In all but one (twb) incubation experiments, fermentation of bran fractions resulted in decreased Proteobacteria taxa when compared to cellulose. Besides the fact that these genera are known to thrive under in vitro conditions, their proteolytic or aminoacidolytic nature provides them with a selective advantage when incubated in the absence of readily fermentable carbohydrates. While their decrease in relative abundances could partially result from compositionality effects, it also demonstrates the potential of refined bran fractions to extend saccharolytic fermentation to more distal gut regions. Given the production of potentially deleterious components resulting from proteolytic fermentation (Hamer et al., 2011), the latter is considered a desirable property of functional food ingredients targeting the microbial gut ecosystem (Macfarlane et al., 2006). The effects of ultrafine or swb incubations on Bilophila relative abundances matched remarkably well previous in vivo findings regarding the prebiotic properties of inulin (Vandeputte et al., 2017). The most prominent intestinal Bilophila isolate is Bilophila wadsworthia, an asaccharolytic sulfate reducer that has been characterized as an opportunistic pathogen (Baron et al., 1989; Baron, 1997; da Silva et al., 2008). Our in vitro findings suggest that the trade-off between the Bifidobacterium and Bilophila taxa is a consequence of direct bacterial interactions (e.g., competition or metabolite production) rather than a host-mediated response to a dietary intervention or intervention-induced primary shifts in microbiota composition as suggested previously (Vandeputte et al., 2017). Overall, the results presented indicate that similar bacterial interactions make up the core of the microbiota’s colonization resistance against non-commensal intruders – a phenomenon that appears to be strengthened by the availability of fermentable substrates, as suggested by the restrained blooming of Proteobacteria in bran incubations. The fermentable fibers present in the wheat bran fractions studied provide the commensal microbiota with a competitive advantage, hampering settlement of opportunistic colonizers. In this pH-controlled setting, we observed colonization resistance to be independent of total bacterial abundance. The role of bacterial metabolites produced upon fiber fermentations in this process remains to be elucidated.
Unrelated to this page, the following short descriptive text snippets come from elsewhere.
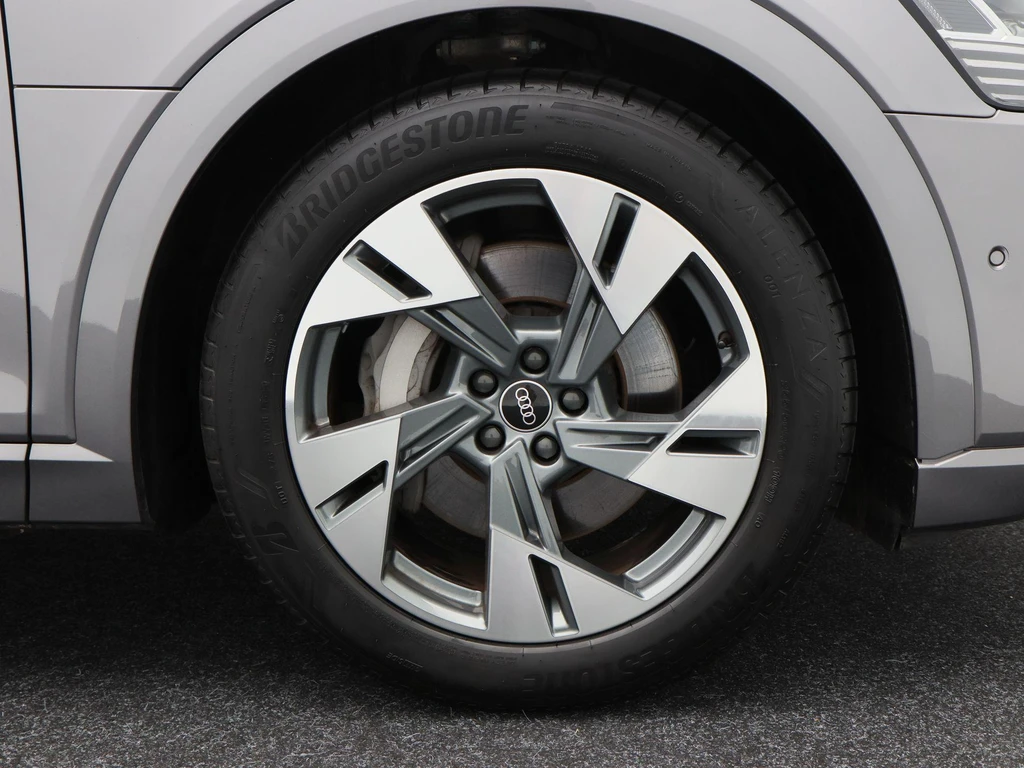 Audi e-tron – foto 16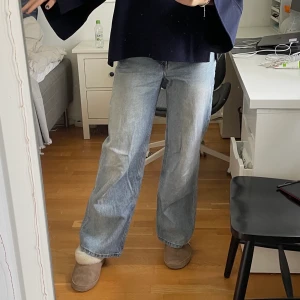 Monki JEANS 🙃 - Storlek 36, miderise, ljusblåa, jag är 175 cm lång för referens ✨ nypris 499 kr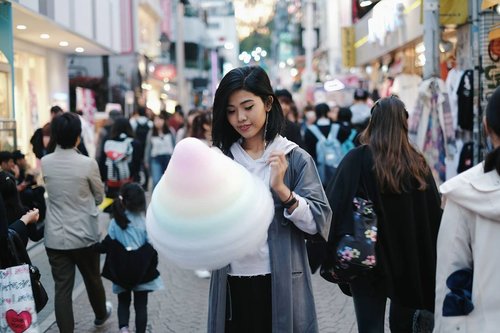 Start the trip in Tokyo only to get some of this rainbow floss with berry flavored. .
Happening in Takeshita street, Harajuku. Couple of boys ask this rainbow floss for their snapshot.

Ps : my phone is broken please DM or email me for an urgent.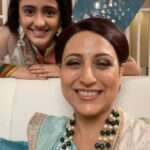 Ayesha Singh Instagram - Hello babbbyyy!! Kaise hain!! 😂😅🤣with @kishorishahane ❤️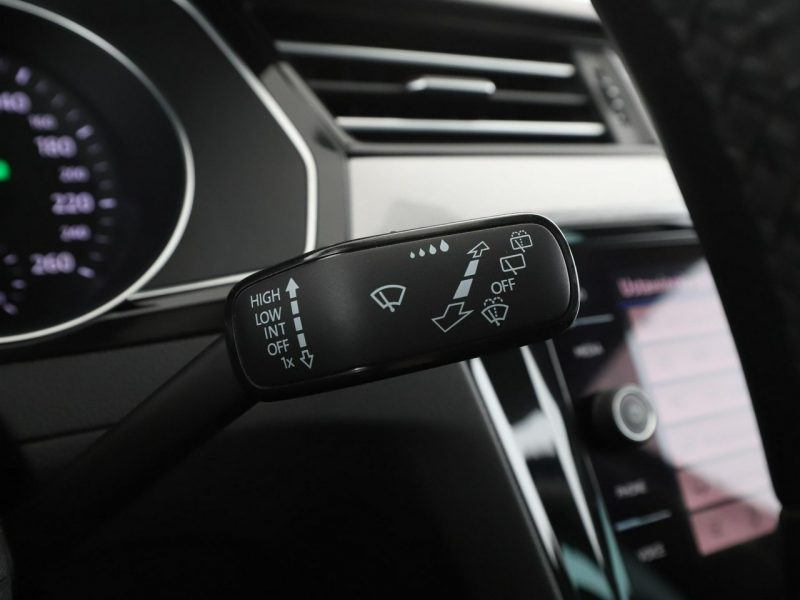 Volkswagen Passat navi czujniki parkowania klimatyzacja grzane fotele B8 (2014-2023)
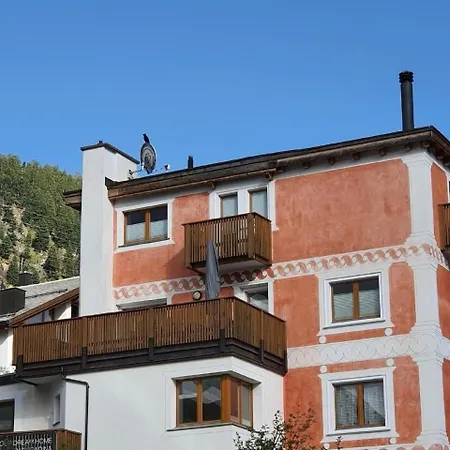 Chesa Vista Mezdi 6 Bergbahnen Sommer Und Oev Inklusive Apartment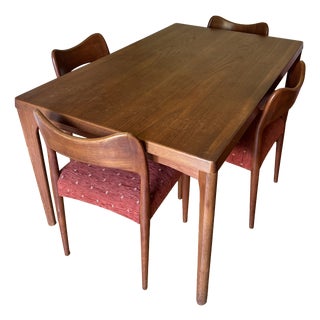 Table and Chairs by Henning Kjaernulf for Vejle Stole Og Møbelfabrik, 1960s, Set of 5 For Sale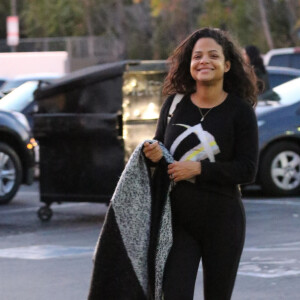 Exclusif - Christina Milian enceinte se rend à son cours de yoga à Los Angeles, le 2 décembre 2019.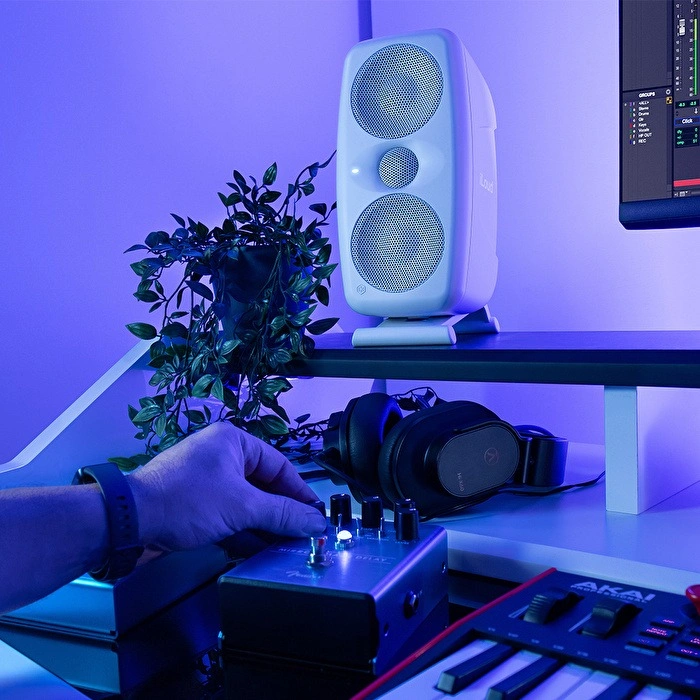 ik-multimedia-iloud-mtm-mkii-beyaz-referans-monitor-asimetrik-e-ticaret-gorsel2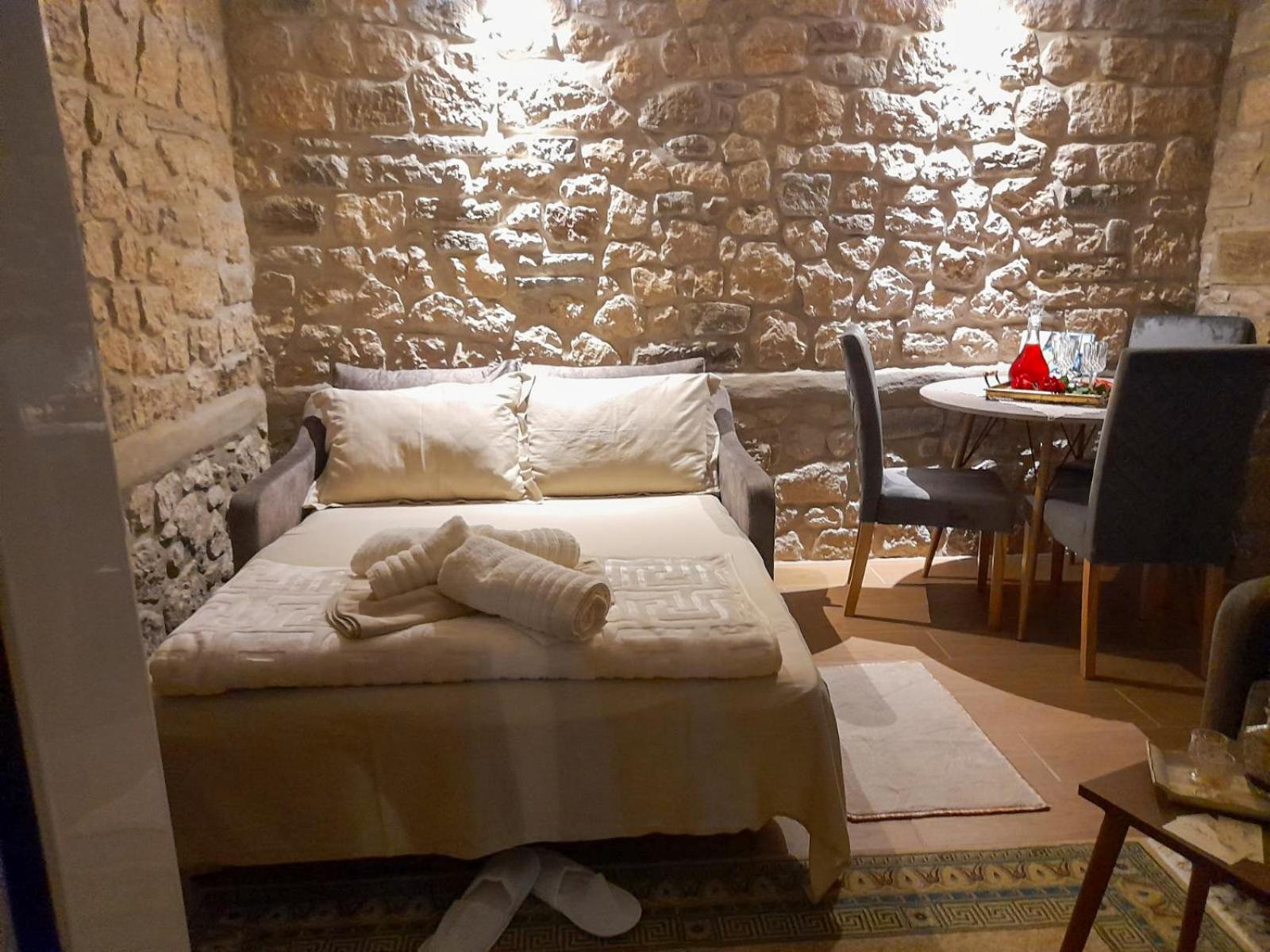 Elen'S Suites Праманта Екстериор снимка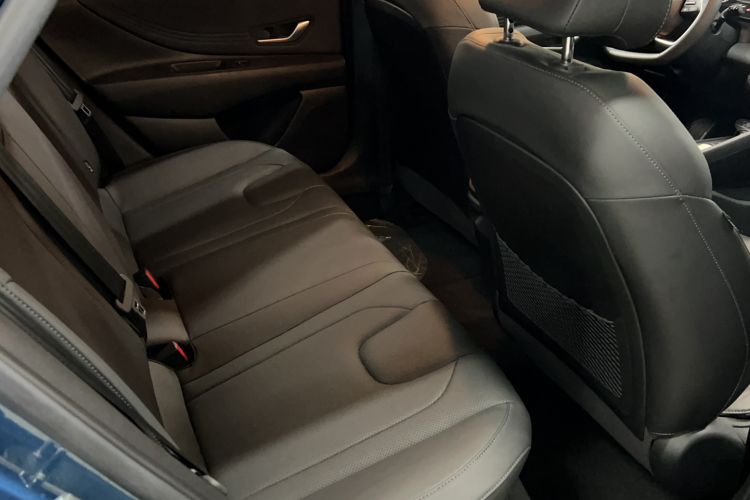 Used Hyundai Elantra 2022 1.5L CVT LUX Prestige Edition Interior 7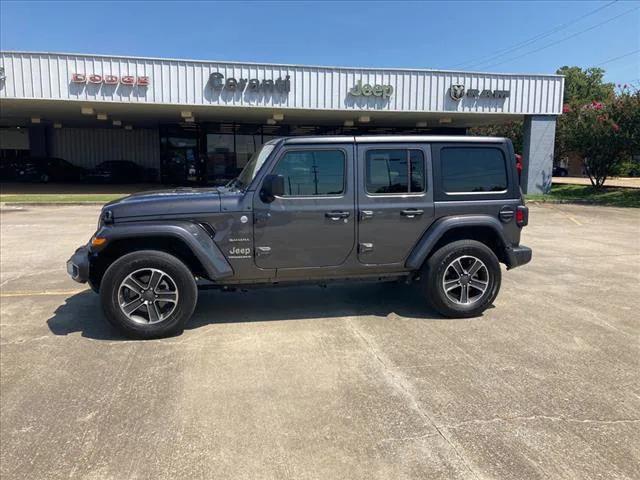 2023 Jeep Wrangler 4-Door Sahara 4x4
Finally, bran supplementation also altered the outcome of niche competition between saccharolytic taxa. Parabacteroides spp., part of a normal large-intestinal microbiota but often associated with opportunistic infections (Nakano et al., 2011), have been described to bloom on resistant starches (Martínez et al., 2010) rather than on complex non-starch polysaccharides (Sakamoto and Benno, 2006). Except for uwb, fecal fermentations of bran fractions provided a growth advantage to saccharolytic competitors such as bifidobacteria, allowing them to dominate over the Parabacteroides fraction.
Materials and Methods
Donor Fecal Material
Fecal material was collected from six healthy, male subjects aged between 30 and 47, not receiving antibiotic treatment for at least 3 months, not consuming pre- or probiotic containing supplements prior to experimentation, and without history of intestinal disorders. Fecal slurry was prepared under anaerobic conditions by homogenizing fresh human fecal material in ten times the volume of pre-reduced phosphate buffered saline (PBS; 8 g/L NaCl, 0.2 g/L KCl, 1.15 g/L Na2PO4, and 0.2 g/L KH2HPO4).
Substrates
Total wheat bran (twb), uwb, swb, and aleurone (alr) were used. Uwb was obtained through mechanical milling of twb, resulting in particles with a size < 100 μm. Swb was obtained through enzymatic treatment of wheat bran, reducing arabinoxylan chain length into shorter oligosaccharides (arabinoxylan-oligosaccharide content = 79%). Aleurone is a single cell layer of wheat located between the starchy endosperm and the outer bran layers. The aleurone cells were separated from the pericarp layer and isolated to obtain a standard aleurone fraction. Cellulose (methyl-cellulose, Sigma–Aldrich) was used as a negative control substrate. All substrates were added to the fermentation medium at a concentration of 1% (wt/vol).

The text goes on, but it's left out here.